Rachel is an American lawyer and experienced litigator who worked for many years at the U.S. Department of Justice (DOJ) in Washington, DC. As a member of the District of Columbia Bar, Rachel donated her time to help those in need of legal services at the Bar’s Advice and Referral Clinics, the Employment Justice Center and the Legal Counsel for the Elderly. Since arriving in Singapore in 2015, she has been actively involved in outreach activities involving migrant workers and served as a volunteer coordinator for the Law & You program that trained foreign domestic workers on their rights and responsibilities while employed in Singapore. More recently, she completed a one-year secondment from Ashurst LLP as a Pro Bono Officer at Justice Without Borders. Rachel clerked for the Honorable Sidney Thomas of the U.S. Court of Appeals for the Ninth Circuit and is a graduate of the George Washington University Law School. Without the advice and prodding of a good mentor, Rachel would not have gone to law school and would have regretted missing out on all of the interesting policy discussions in and out of class.
This Letter is addressed to her younger self after she completed her undergraduate degree and right before she started law school in the United States.
Dear Rachel,
Choices are going to be hard for you. You care A LOT about your choices. You (of course) want to be happy, healthy, and fulfilled and to make choices that will help you be these things. But you also care about the effect your choices have on others, whether they be the people immediately around you or the people who made the product you buy. This is a good thing, but it is also something that causes you some amount of anxiety and probably will throughout your life.
My advice to you is to embrace the values you care about, and to let them inform your choices. Accept that choices may be hard for you and often require you to expend a lot of effort on them. This is who you are. But it is very important to also keep in mind that having choices is not a given, and you are lucky to have choices to make.
Let self-knowledge guide you. Right now, you are probably still sulking a little about not getting into your first choice law school. But you will get over this initial disappointment and discover that this was a blessing in disguise; you ended up at a school that, by all accounts, is more collegial and less cutthroat. Law school will end up being much more enjoyable than you imagined, due in no small part to the conducive environment in which you found yourself. Given that you are quite sensitive to your environment, you are unhappy when the people around you are unfriendly, difficult, or do not appreciate you.

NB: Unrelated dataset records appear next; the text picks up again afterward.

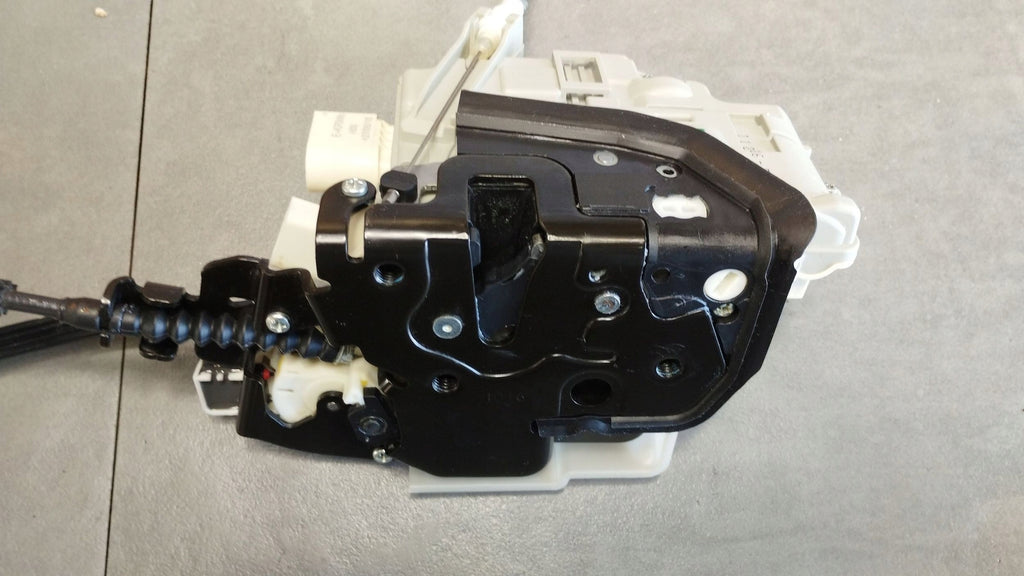 Audi A7 4G 2016 DOOR LOCK RIGHT REAR 4G8839016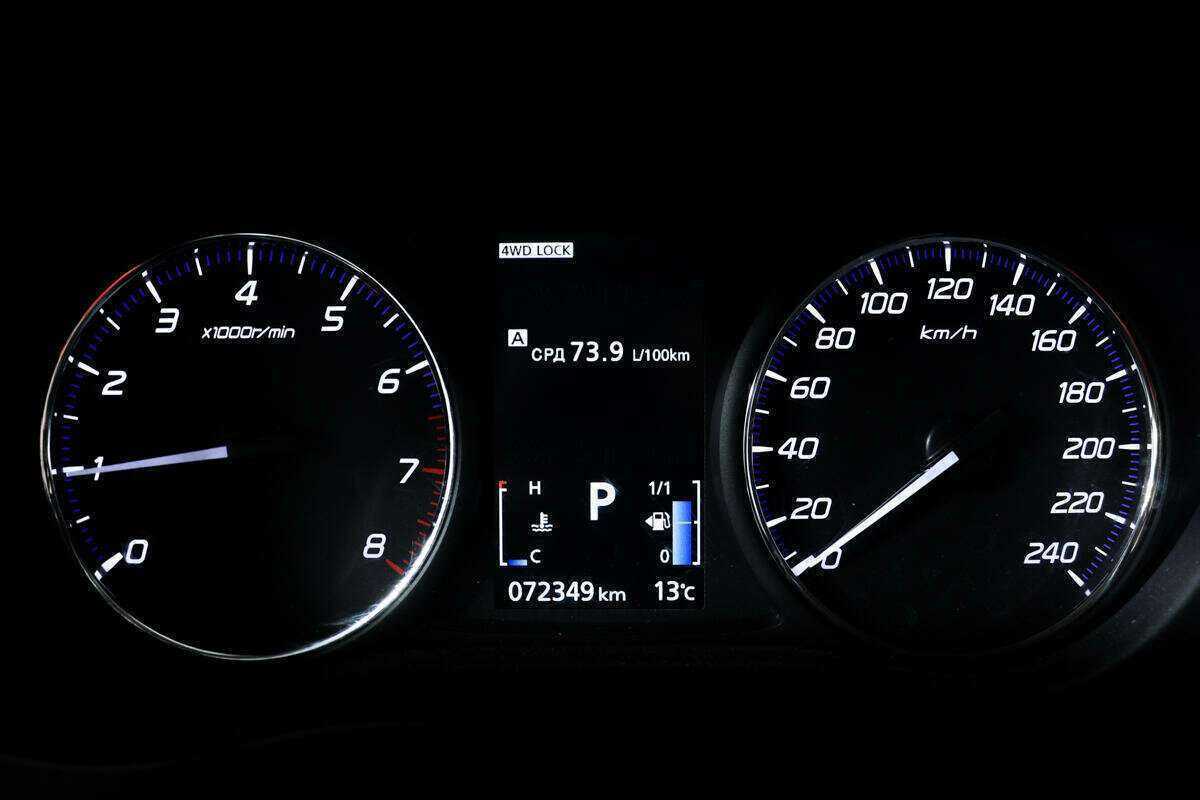 Купить Mitsubishi Outlander, 2015, 72 276 км.. Фото: #9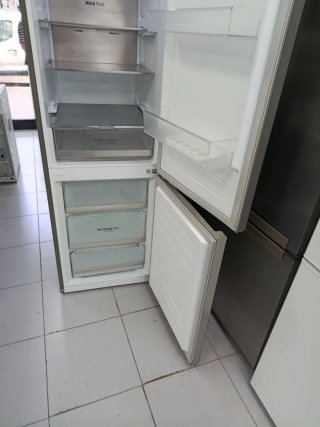 Nevera LG ThinQ combi con garantía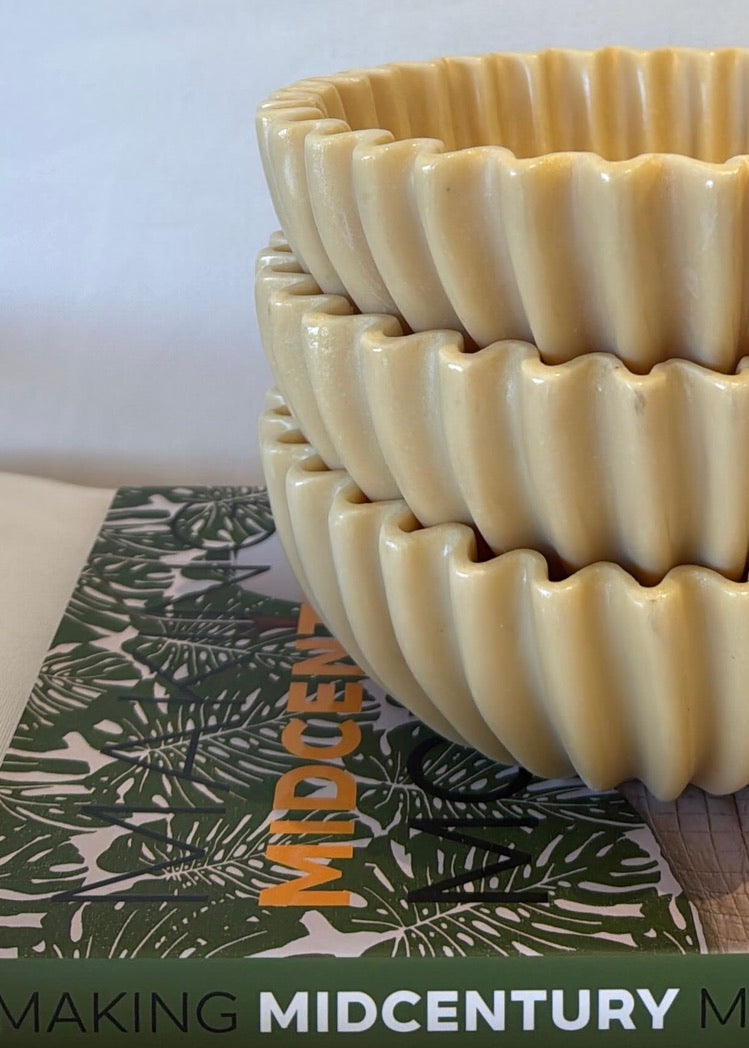 FLUTED BOWL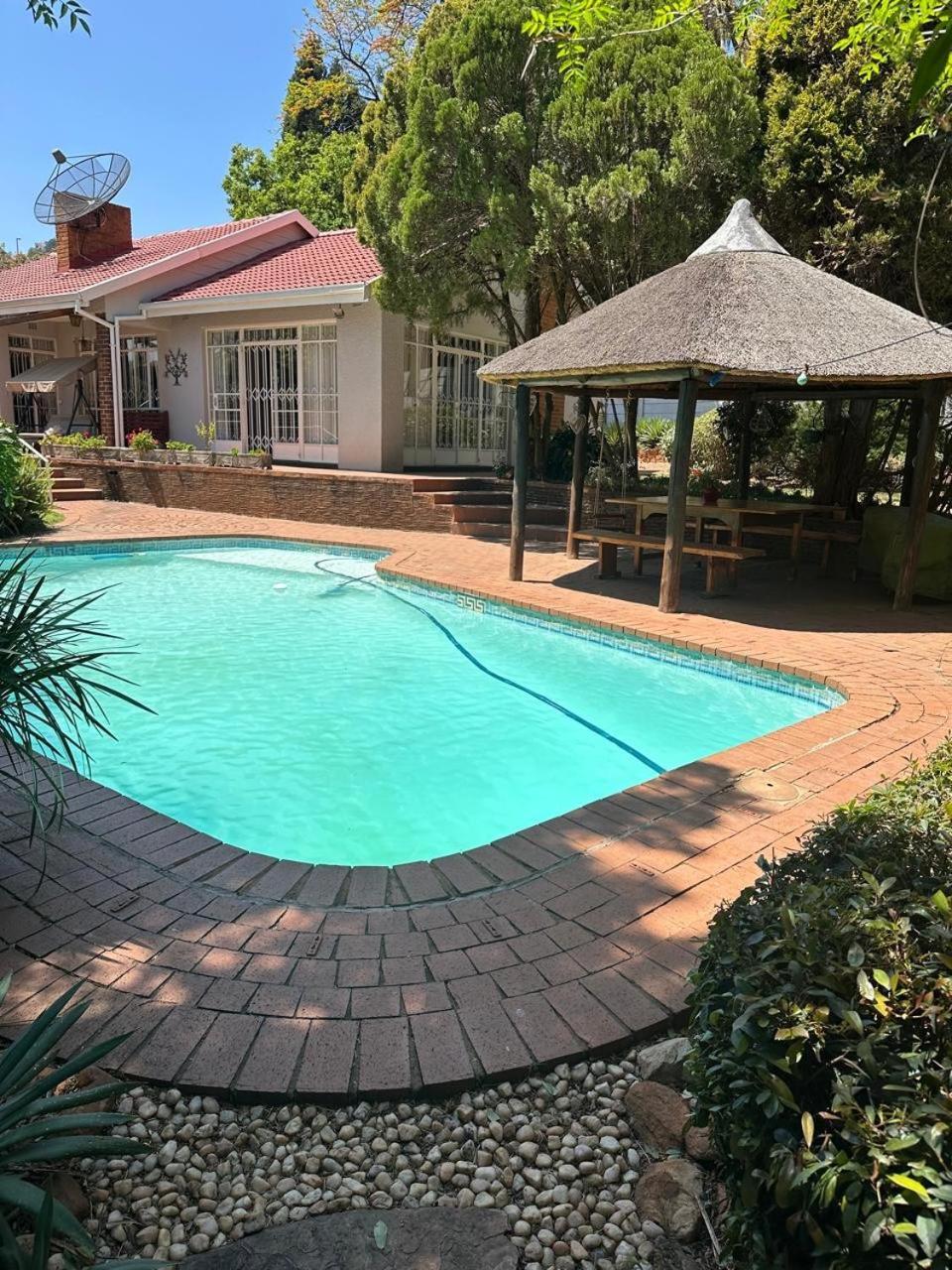 Bagley Terrace 136 Cottage 约翰内斯堡 外观 照片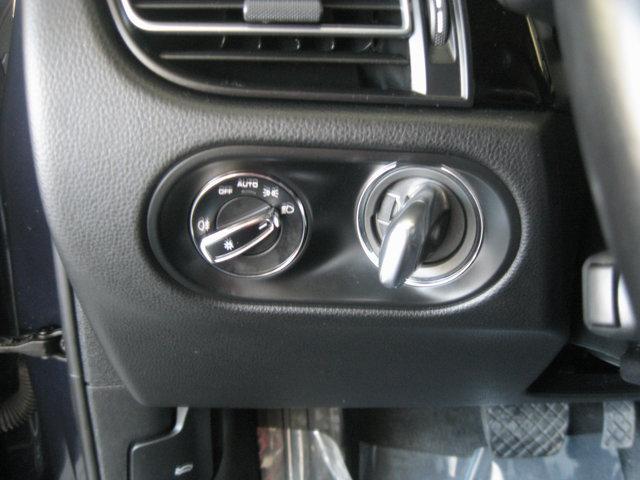 used 2021 Porsche Macan car, priced at $30,991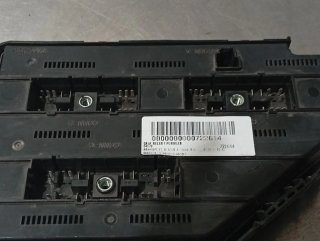 Caja reles / fusibles SSANGYONG KORANDO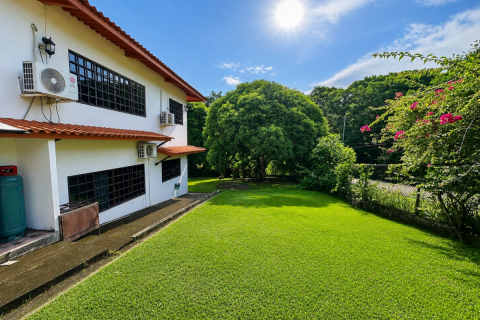 7 bedrooms House in Panama City, Panama No. 127773 2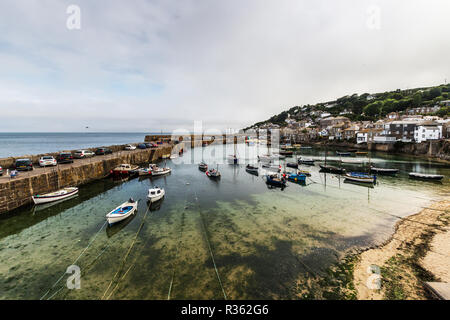 Le port dans le village côtier de Mousehole à Cornwall Banque D'Images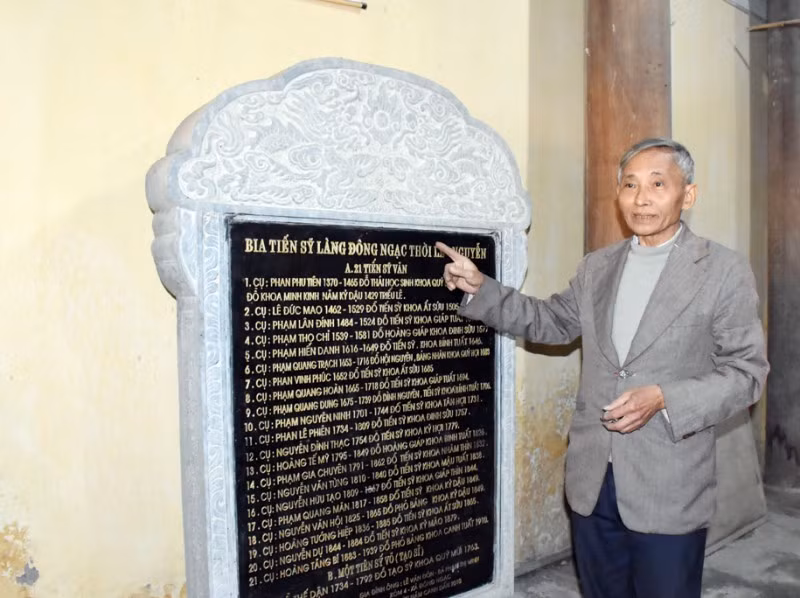 Bia lưu giữ tên tuổi của các bậc tiền hiền, đỗ đạt cao tại làng Đông Ngạc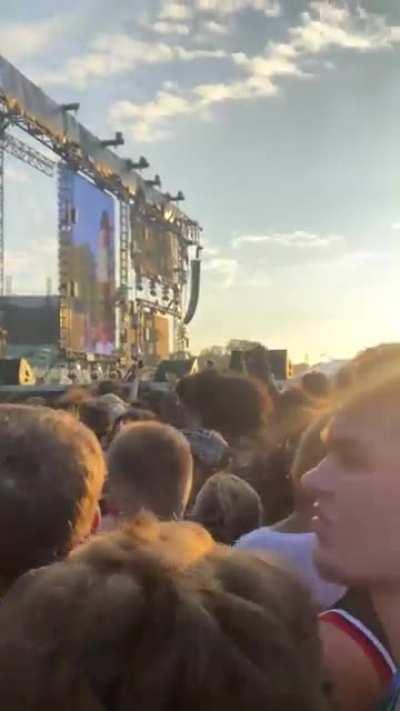 Had to get the crowd when Earl performed East.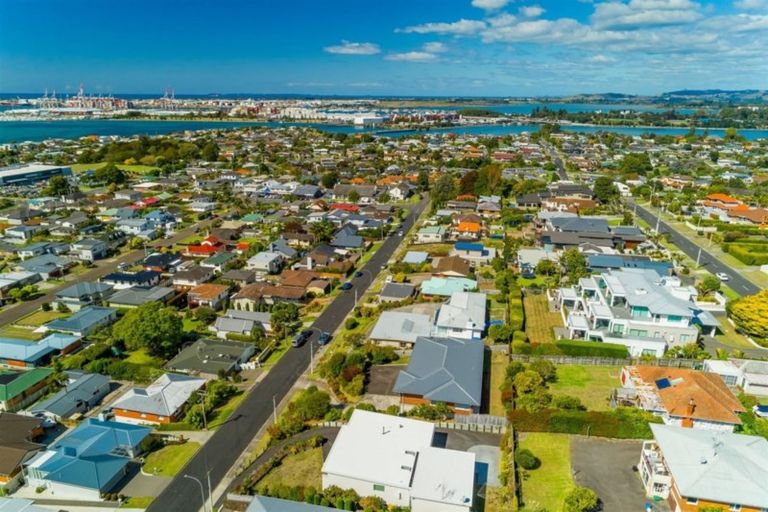 Photo of property in 17a Seaview Road, Otumoetai, Tauranga, 3110
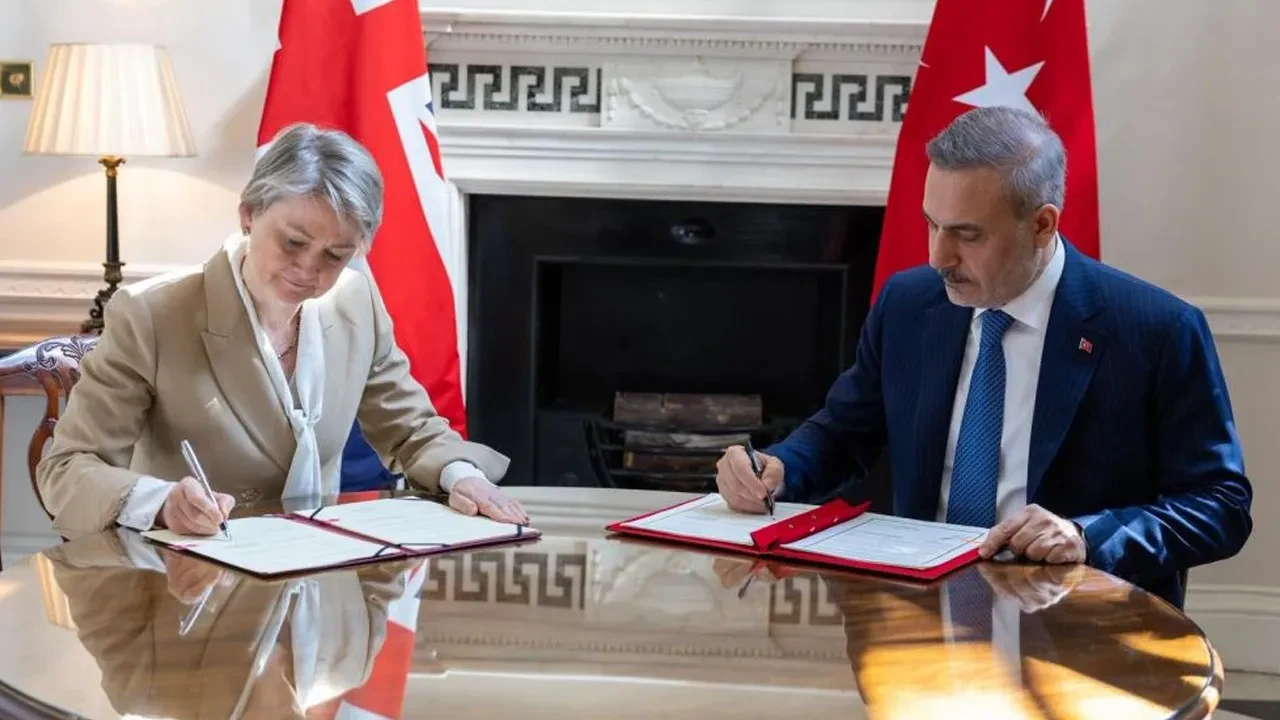 Türkiye ile İngiltere arasında Stratejik Ortaklık Çerçeve Belgesi imzalandı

Knowing this, to the extent you can tell upfront and where possible, you should value and choose supportive environments over almost everything else when making decisions about school and jobs. It will make your decisions a bit easier.
I can assure you that, to a large extent, you did this. During and after law school, through good choices and good fortune, you will end up in several work environments that are very supportive, where you make many friends and mentors.
Get advice before you make a decision, but filter it. You love advice. You love getting the views of others. It is tied to your love of gathering information before making a decision. When you do a training course later in your career, you get to take something like five personality tests! Tons of information and advice for the taking. But there comes a point at which you will need to sort through all of that advice and information, figure out which is sound, and then take action accordingly. In so doing, it is always a good idea to consider the perspective of the advice-giver. Is the advice-giver trying to be helpful and taking into account what they know about you?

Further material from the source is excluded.